YOUR INSTRUCTIONS: Using the listing below, output only the lines from the one that contains "mapa Stacja Poddębice, Stacja" through the one that contains "Herren Outdoor Taktikanzug", inclusive, exactly as given and without images.

STORED DATA:
==============================

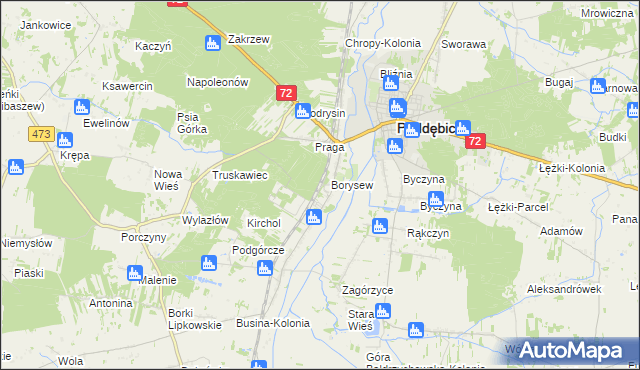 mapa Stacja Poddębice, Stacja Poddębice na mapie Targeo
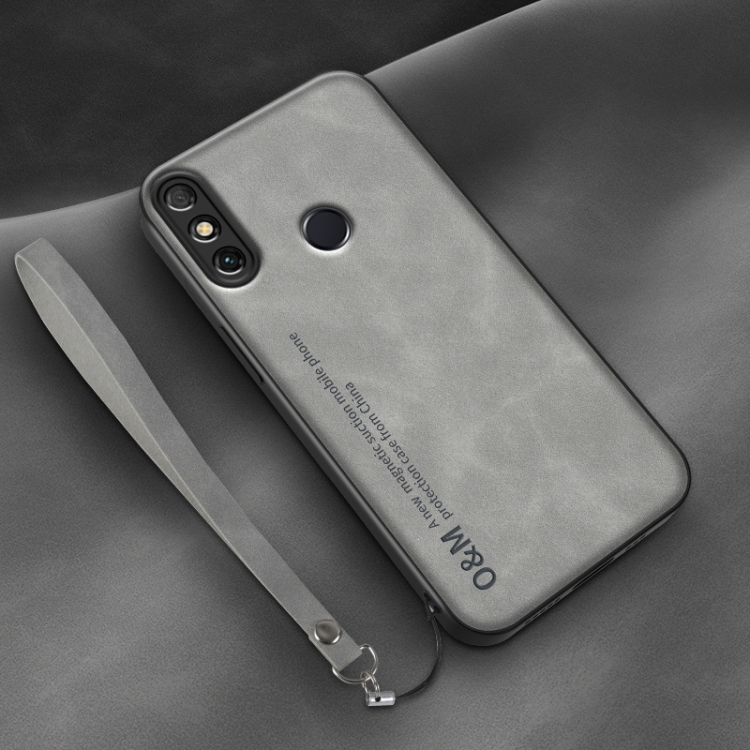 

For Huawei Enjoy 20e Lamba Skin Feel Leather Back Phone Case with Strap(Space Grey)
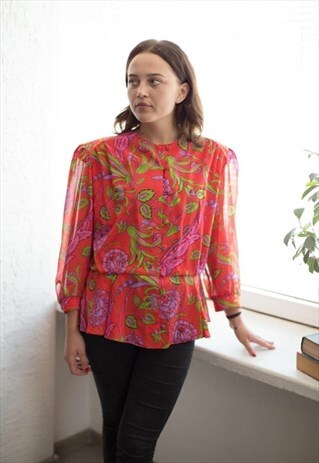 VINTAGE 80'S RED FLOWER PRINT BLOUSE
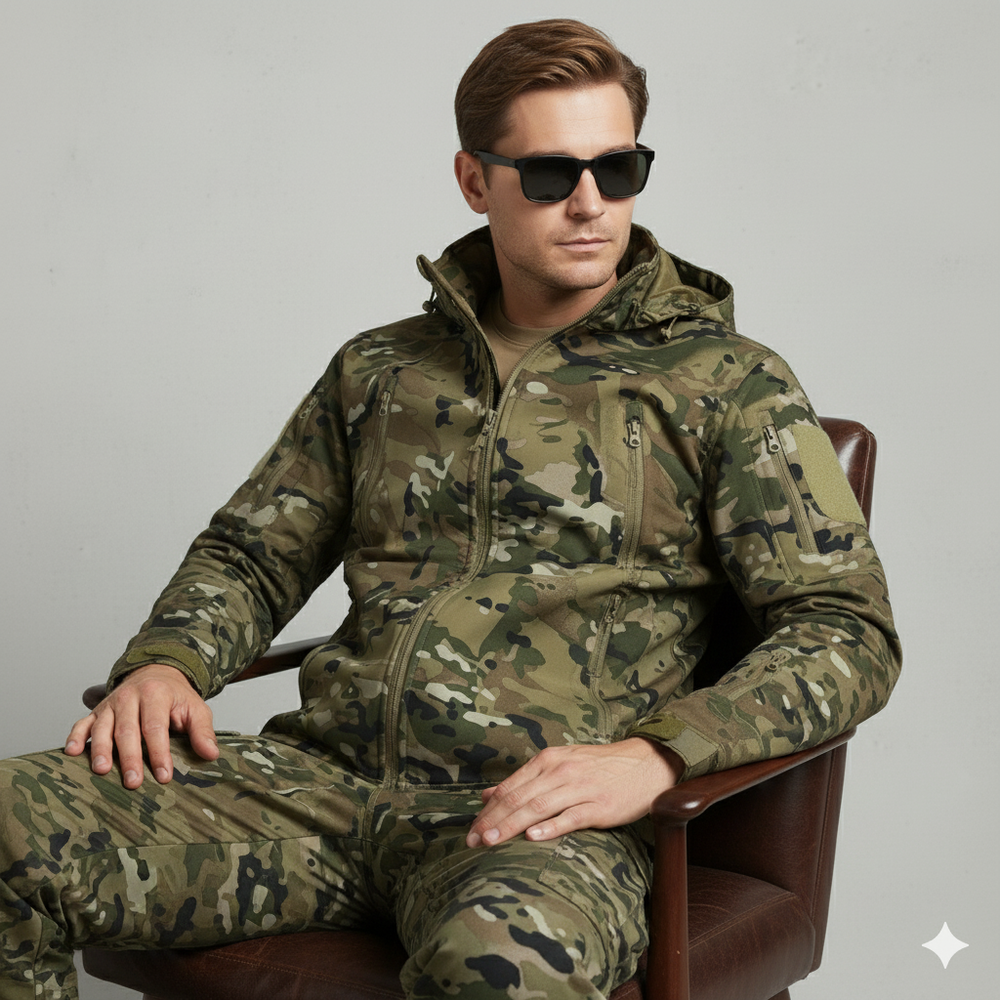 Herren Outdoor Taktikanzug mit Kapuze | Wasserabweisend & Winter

==============================

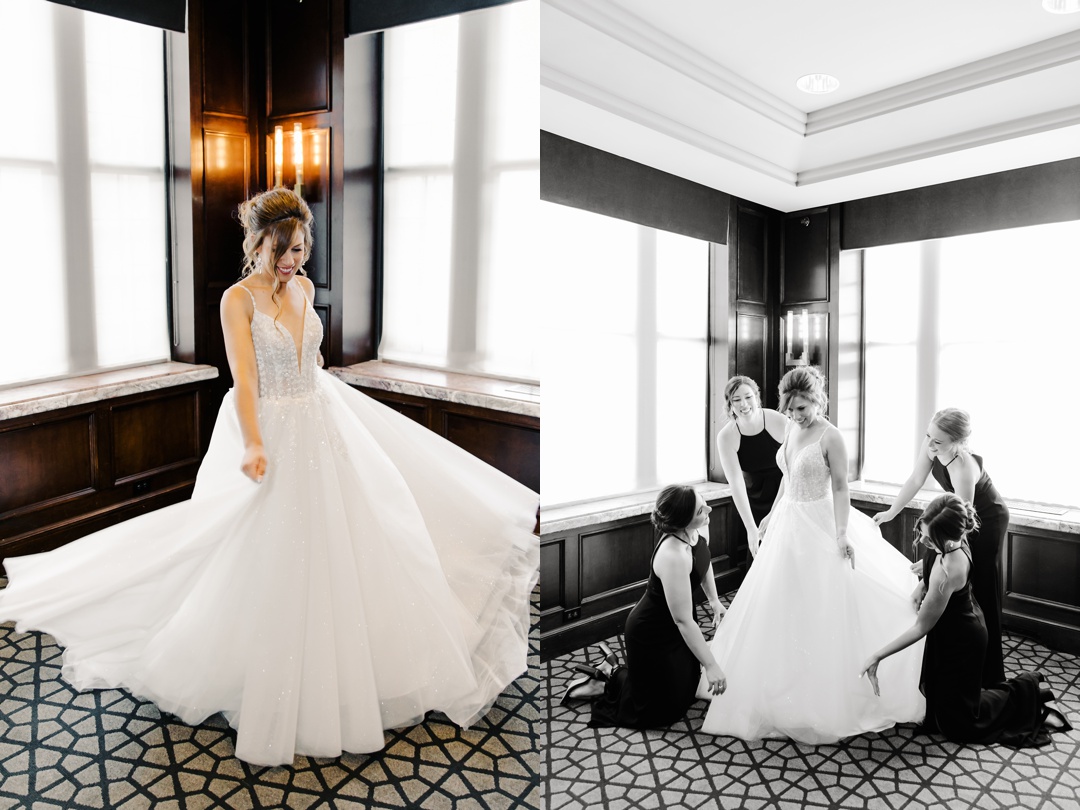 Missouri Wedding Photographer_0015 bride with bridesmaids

==============================

ANSWER FOR THE TASK:
 mapa Stacja Poddębice, Stacja Poddębice na mapie Targeo

For Huawei Enjoy 20e Lamba Skin Feel Leather Back Phone Case with Strap(Space Grey)
 VINTAGE 80'S RED FLOWER PRINT BLOUSE
 Herren Outdoor Taktikanzug mit Kapuze | Wasserabweisend & Winter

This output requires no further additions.